I knew a lady who disconnected it on occasion as she reached the 80s. As I say, 'what's the good of having to LISTEN to things?'.

----

"In addition," Chapman adds,

"his mobility became further restricted."

----

So this was vale diction with love.

---

But when does Chapman (do) say 'valedictory'?

Oh, here it is:

p. 218.

it's Note 12. I have it in fluorescent yellow in my copy:

It reads:

"Preliminary Valediction".

-- as deposited in the 14 cardboxes in the Grice Collection at Bancroft, BANC 90/131c if you must.

----

The note, which was possibly NOT 'dated' by Grice, is dated:

"Preliminary Valediction, 1985".

(While Chapman is not careful to provide a catalogue raisone, why should she, she is very careful (qua professor of English that I love! I know no philosopher who would go to such pains!) to provide semi-exact quotations after simple quotes to indicate items in the Collection. My favourite is her "Odds and Ends" -- Folder B-56C -- for Cardbox 11).

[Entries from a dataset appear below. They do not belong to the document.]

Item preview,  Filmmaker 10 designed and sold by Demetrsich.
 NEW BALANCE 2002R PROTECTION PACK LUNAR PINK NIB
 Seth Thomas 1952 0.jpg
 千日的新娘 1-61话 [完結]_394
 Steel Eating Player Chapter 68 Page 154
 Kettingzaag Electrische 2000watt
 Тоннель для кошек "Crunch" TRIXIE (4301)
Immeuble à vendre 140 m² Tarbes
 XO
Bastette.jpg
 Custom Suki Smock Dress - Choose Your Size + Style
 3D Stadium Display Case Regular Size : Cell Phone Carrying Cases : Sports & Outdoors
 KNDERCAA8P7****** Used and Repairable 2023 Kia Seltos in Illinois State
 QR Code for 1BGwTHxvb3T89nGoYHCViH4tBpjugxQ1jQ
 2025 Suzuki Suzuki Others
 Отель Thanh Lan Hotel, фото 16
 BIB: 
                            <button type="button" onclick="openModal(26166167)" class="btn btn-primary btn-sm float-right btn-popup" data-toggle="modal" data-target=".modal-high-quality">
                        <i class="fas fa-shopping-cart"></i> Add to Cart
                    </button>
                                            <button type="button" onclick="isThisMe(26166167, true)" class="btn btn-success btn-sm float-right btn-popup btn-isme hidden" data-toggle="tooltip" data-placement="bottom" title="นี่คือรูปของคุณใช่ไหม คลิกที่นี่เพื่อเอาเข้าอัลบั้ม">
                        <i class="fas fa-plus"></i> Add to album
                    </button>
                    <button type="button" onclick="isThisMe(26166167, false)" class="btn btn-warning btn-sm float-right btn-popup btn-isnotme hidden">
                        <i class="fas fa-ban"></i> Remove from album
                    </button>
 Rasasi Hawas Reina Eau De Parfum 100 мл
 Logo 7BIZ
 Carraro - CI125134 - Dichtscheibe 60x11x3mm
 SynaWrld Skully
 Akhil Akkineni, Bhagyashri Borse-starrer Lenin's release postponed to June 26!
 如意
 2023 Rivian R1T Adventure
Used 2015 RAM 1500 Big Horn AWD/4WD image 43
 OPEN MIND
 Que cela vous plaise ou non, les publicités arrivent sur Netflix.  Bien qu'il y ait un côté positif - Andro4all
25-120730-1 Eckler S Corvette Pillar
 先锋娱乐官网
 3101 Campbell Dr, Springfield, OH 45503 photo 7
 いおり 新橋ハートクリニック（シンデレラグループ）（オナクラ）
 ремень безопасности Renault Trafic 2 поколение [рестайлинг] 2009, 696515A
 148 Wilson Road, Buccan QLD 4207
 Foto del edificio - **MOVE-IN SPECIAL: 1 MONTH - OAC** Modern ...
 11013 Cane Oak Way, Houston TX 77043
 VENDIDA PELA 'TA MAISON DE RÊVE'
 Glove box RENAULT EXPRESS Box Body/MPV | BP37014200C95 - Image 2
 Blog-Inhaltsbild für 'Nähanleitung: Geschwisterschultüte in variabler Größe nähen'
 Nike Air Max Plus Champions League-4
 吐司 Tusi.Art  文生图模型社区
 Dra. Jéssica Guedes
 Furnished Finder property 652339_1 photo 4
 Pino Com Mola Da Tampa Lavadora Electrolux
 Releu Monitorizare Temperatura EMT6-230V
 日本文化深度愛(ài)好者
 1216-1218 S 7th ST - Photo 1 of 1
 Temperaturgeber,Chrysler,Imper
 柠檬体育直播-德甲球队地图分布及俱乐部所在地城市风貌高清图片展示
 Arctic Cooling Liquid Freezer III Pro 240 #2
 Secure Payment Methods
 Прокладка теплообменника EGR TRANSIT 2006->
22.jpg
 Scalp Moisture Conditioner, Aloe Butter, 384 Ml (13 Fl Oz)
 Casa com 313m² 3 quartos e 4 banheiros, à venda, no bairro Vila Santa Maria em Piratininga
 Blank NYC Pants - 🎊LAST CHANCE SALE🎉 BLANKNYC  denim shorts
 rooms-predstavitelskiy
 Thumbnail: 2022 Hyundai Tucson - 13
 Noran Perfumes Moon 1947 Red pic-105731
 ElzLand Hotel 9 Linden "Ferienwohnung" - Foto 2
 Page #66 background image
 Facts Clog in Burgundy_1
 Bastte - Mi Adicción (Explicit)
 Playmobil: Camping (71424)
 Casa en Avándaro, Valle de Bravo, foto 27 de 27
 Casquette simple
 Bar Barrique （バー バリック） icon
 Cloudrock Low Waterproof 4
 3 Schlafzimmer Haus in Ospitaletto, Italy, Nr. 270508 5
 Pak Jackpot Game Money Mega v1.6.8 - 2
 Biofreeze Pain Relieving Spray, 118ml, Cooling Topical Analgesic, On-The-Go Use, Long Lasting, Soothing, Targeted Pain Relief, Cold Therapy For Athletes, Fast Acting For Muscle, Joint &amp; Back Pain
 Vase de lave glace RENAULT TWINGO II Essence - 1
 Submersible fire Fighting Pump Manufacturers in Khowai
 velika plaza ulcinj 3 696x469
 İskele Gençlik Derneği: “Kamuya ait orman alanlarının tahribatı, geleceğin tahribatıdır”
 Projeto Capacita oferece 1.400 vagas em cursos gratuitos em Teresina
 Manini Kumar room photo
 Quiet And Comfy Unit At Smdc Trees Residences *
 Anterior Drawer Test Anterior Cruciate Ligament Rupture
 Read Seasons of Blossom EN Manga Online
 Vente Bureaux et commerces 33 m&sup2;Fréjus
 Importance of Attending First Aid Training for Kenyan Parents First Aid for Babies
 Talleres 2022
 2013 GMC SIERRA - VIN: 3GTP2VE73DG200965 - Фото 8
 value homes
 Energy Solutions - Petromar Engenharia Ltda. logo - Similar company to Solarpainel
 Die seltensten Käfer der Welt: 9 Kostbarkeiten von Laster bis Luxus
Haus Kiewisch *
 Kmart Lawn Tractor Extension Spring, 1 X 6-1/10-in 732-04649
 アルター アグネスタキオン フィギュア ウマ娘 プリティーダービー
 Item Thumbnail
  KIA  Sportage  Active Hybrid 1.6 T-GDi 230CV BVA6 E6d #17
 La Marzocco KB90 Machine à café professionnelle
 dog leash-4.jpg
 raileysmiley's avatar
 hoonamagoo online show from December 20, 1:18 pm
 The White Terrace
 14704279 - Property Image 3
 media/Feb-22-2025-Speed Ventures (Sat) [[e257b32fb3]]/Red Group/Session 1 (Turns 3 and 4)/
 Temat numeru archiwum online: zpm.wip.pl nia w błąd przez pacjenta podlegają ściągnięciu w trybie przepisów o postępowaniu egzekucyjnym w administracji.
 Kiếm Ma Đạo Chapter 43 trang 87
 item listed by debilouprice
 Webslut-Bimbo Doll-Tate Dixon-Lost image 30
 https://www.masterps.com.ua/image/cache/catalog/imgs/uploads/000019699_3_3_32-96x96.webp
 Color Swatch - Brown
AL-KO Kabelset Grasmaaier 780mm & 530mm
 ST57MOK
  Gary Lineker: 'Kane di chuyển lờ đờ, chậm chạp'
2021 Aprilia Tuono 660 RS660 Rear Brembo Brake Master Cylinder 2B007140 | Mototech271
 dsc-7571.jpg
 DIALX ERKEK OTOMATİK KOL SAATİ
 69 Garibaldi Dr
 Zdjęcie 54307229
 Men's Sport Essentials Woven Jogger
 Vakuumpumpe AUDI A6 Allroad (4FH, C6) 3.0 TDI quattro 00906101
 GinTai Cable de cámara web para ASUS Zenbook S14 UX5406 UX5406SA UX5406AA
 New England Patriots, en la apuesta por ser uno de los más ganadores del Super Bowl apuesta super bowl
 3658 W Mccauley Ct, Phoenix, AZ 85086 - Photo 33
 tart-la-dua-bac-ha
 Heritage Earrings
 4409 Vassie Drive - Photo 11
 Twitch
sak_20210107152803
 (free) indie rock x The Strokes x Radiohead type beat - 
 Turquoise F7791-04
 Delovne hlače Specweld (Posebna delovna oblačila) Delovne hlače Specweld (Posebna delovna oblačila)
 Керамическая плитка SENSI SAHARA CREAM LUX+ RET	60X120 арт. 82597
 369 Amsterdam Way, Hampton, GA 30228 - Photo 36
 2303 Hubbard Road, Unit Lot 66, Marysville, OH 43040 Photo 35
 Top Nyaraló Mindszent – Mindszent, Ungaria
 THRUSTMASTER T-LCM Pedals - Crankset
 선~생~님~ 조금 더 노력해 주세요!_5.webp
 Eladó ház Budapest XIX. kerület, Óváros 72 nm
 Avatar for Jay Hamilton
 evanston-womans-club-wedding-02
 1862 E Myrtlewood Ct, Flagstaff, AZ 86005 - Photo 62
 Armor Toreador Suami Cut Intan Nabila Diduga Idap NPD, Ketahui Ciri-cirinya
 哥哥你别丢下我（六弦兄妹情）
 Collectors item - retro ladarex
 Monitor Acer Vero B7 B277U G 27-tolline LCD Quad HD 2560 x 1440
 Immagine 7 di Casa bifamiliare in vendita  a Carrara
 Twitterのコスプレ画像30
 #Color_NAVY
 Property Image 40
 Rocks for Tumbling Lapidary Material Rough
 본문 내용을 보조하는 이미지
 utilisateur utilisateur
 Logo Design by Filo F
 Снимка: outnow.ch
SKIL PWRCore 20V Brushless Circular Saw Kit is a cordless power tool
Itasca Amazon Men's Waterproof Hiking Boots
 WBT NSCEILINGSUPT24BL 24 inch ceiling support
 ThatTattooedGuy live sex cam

The ref. is to p. 18 where Chapman refers to this 'unpublished retrospective' which includes (Grice's thing) gems like:

"between the wars,"

---- I cannot see why Grice was so obsessed with the Great War that was a mere baby-memory to him (he was 2 years old when the Great War was great)

"in the heyday of Philosophical
Analysis"

--- he must be referring to Urmson's bestseller, "Philosophical Analysis: its development between the wars" which I quoted to Horn and merited it a mention of both me and J. O. Urmson in "The Blackwell Handbook of Pragmatics" -- hardly my sort of hand, seeing how unfitting the 'gentleman''s pocket it is --.

Grice adds,

"when these words"

-- i.e.

a. Philosophical
b. Analysis

--- I would have rather say, "when these TWO words, in syntactic concatenation"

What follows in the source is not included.